TASK DESCRIPTION:
Quote the entries word for word. Omit the pictures.

--------------------------------------------------

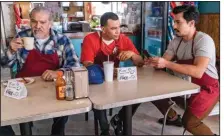  ?? (Netflix/Kevin Estrada) ?? Joaquin Cosio (left), Joseph Julian Soria and Carlos Santos star in Gentefied on Netflix. The series revolves around how working-class and minority neighborho­ods change and grow while the people who live there survive day to day.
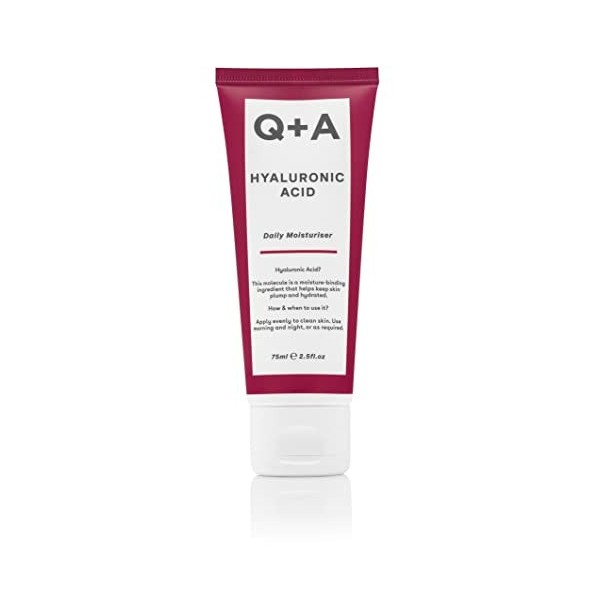 Q+A Crème à lacide hyaluronique pour visage, 75ml Crème Jour et Nuit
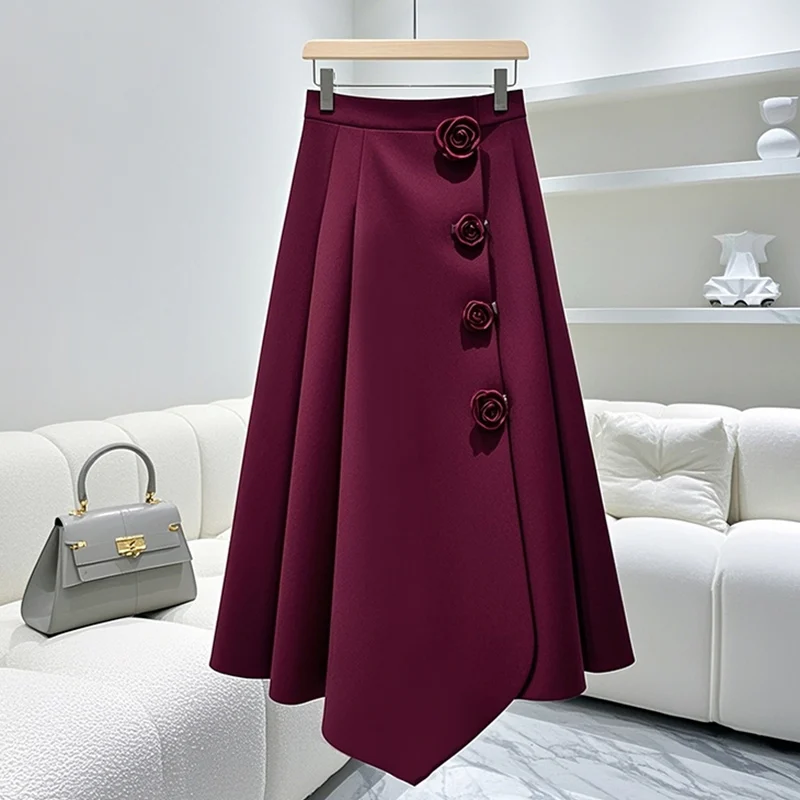 2024 New Temperament Red A-line Skirt High Waist Women Clothing Elegant Irregular Solid Color Long Dress Autumn Korean Skirts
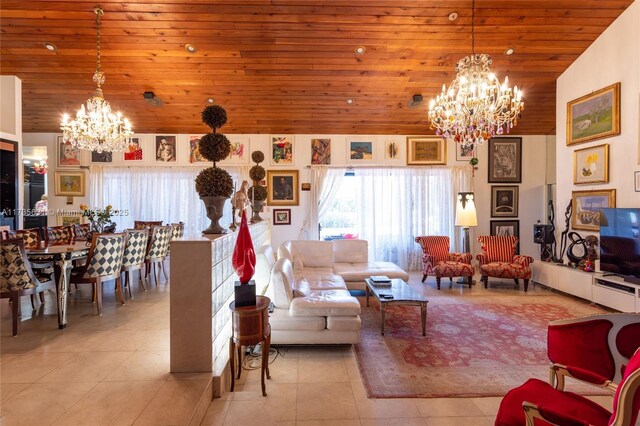 tiled living room with a notable chandelier, wood ceiling, and high vaulted ceiling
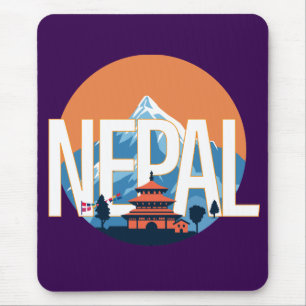 Nepal Temple Mount Everest Mouse Mat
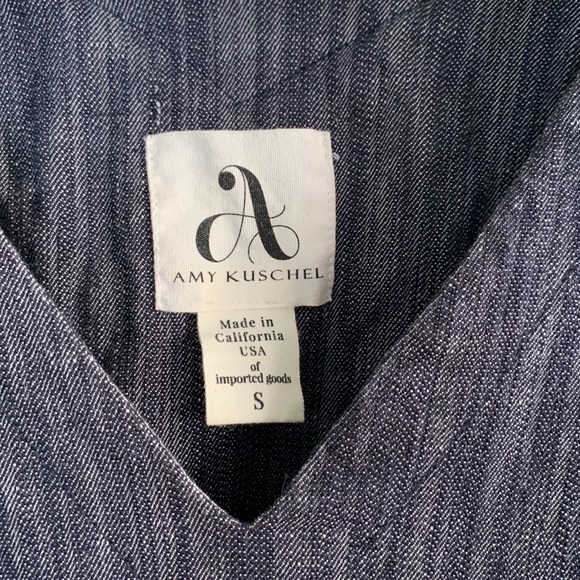 AMY KUSCHEL BLUE CHAMBRAY WEDGE DRESS- SZ Small - Picture 7 of 9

--------------------------------------------------

TASK RESPONSE:
  ?? (Netflix/Kevin Estrada) ?? Joaquin Cosio (left), Joseph Julian Soria and Carlos Santos star in Gentefied on Netflix. The series revolves around how working-class and minority neighborho­ods change and grow while the people who live there survive day to day.
 Q+A Crème à lacide hyaluronique pour visage, 75ml Crème Jour et Nuit
 2024 New Temperament Red A-line Skirt High Waist Women Clothing Elegant Irregular Solid Color Long Dress Autumn Korean Skirts
 tiled living room with a notable chandelier, wood ceiling, and high vaulted ceiling
 Nepal Temple Mount Everest Mouse Mat
 AMY KUSCHEL BLUE CHAMBRAY WEDGE DRESS- SZ Small - Picture 7 of 9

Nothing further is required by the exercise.